After all, when Big Brother’s thumb is pressed down equally upon every destination you might have the means to reach … where do you go?
Quotations that stood out to me:
“The rich and polite Italians … enjoyed the present blessings of ease and tranquillity, and suffered not the pleasing dream to be interrupted by the memory of their old tumultuous freedom.”
The relatability is getting downright uncomfortable.
“It was dangerous to trust the sincerity of Augustus; to seem to distrust it was still more dangerous.”
This is when you know it’s game over. (Just in case you thought cancel culture was a recent invention.)
“[Augustus’] command, indeed, was confined to those citizens who were engaged in the service by the military oath; but such was the propensity of the Romans to servitude, that the oath was voluntarily taken by the magistrates, the senators, and the equestrian order, till the homage of flattery was insensibly converted into an annual and solemn protestation of fidelity.”
When you’ve had it beaten into your head not to think, just to serve and obey, because you serve the greatest city on earth, you’re ripe for manipulation by anyone who can convince you that he has the best interests of the city at heart.
“As long as the republic subsisted, the dangerous influence, which either the consul or the tribune might derive from their respective jurisdiction, was diminished by several important restrictions. Their authority expired with the year in which they were elected; the former office was divided between two, the latter among ten persons; and, as both in their private and public interest they were averse to each other, their mutual conflicts contributed, for the most part, to strengthen rather than to destroy the balance of the constitution. But when the consular and tribunitian powers were united, when they were vested for life in a single person, when the general of the army was, at the same time, the minister of the senate and the representative of the Roman people, it was impossible to resist the exercise, nor was it easy to define the limits, of his imperial prerogative.”
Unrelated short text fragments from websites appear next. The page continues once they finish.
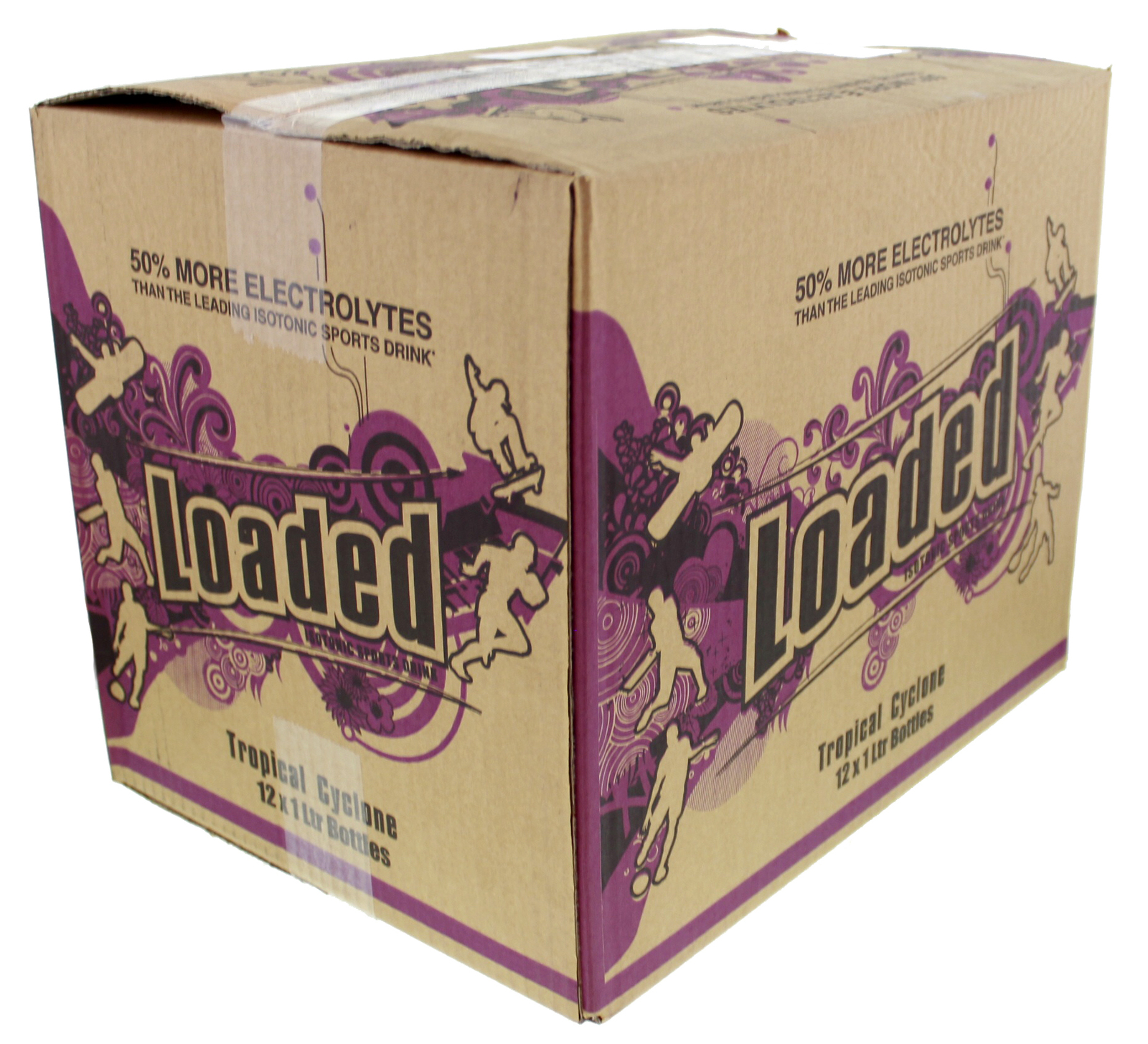 Loaded Sports Drink - Tropical Cyclone (1L) image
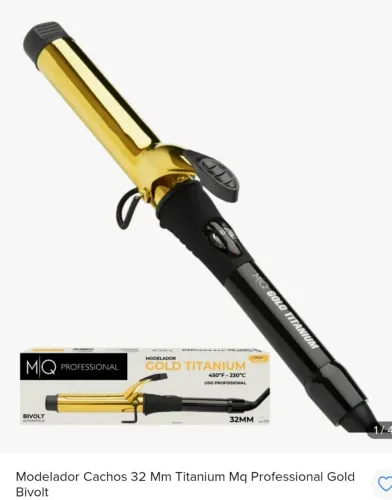Babyliss MQ Professional Gold Titanium bivolt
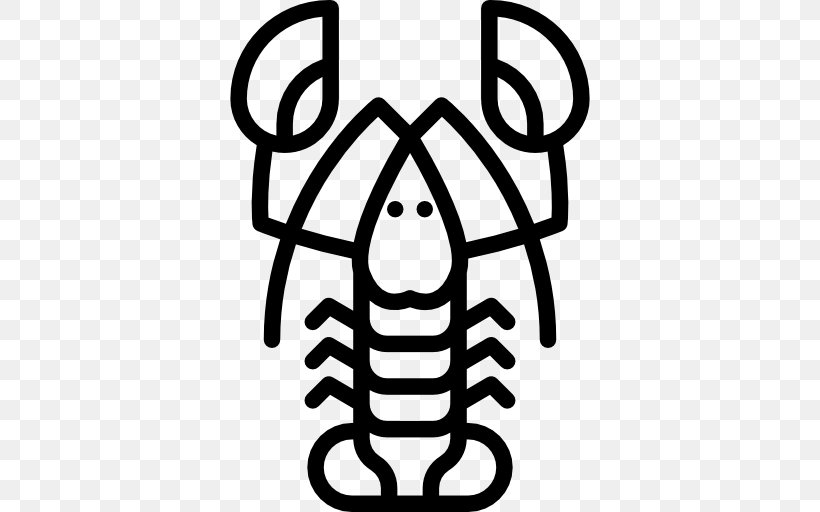 Lobster Chophouse Restaurant Food, PNG, 512x512px, Lobster, Black, Black And White, Chophouse Restaurant, Food Download Free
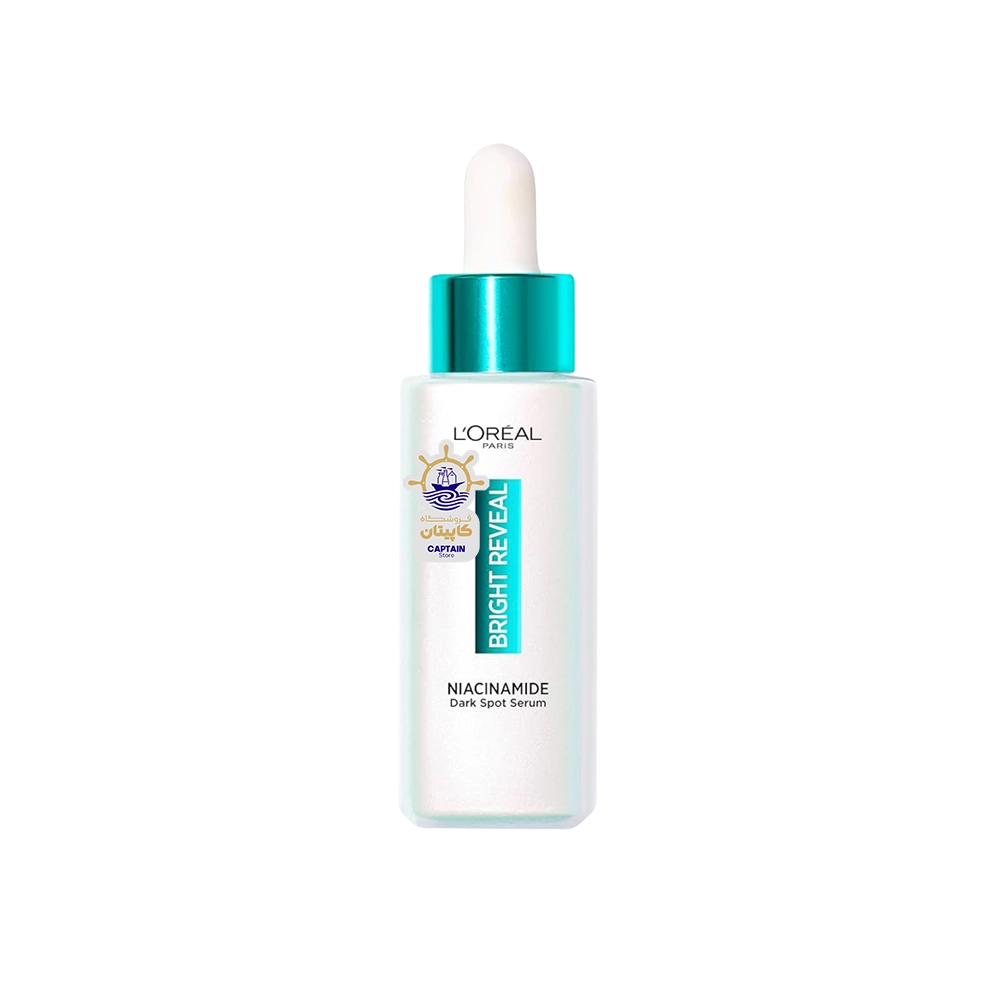 سرم ضد لک صورت نیاسینامید لورآل مدل برایت ریویل ۳۰ میلی لیتر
“The emperors, if we except those tyrants whose capricious folly violated every law of nature and decency, disdained that pomp and ceremony which might offend their countrymen, but could add nothing to their real power.”
Real power knows not to consume conspicuously.
“In elective monarchies, the vacancy of the throne is a moment big with danger and mischief.”
‘Murica: *sips Whiteclaw* “Ya think?”
“Wit and valor are qualifications more easily ascertained than humanity or the love of justice.”
The former ensure that your reputation will last; the latter ensure that your people will.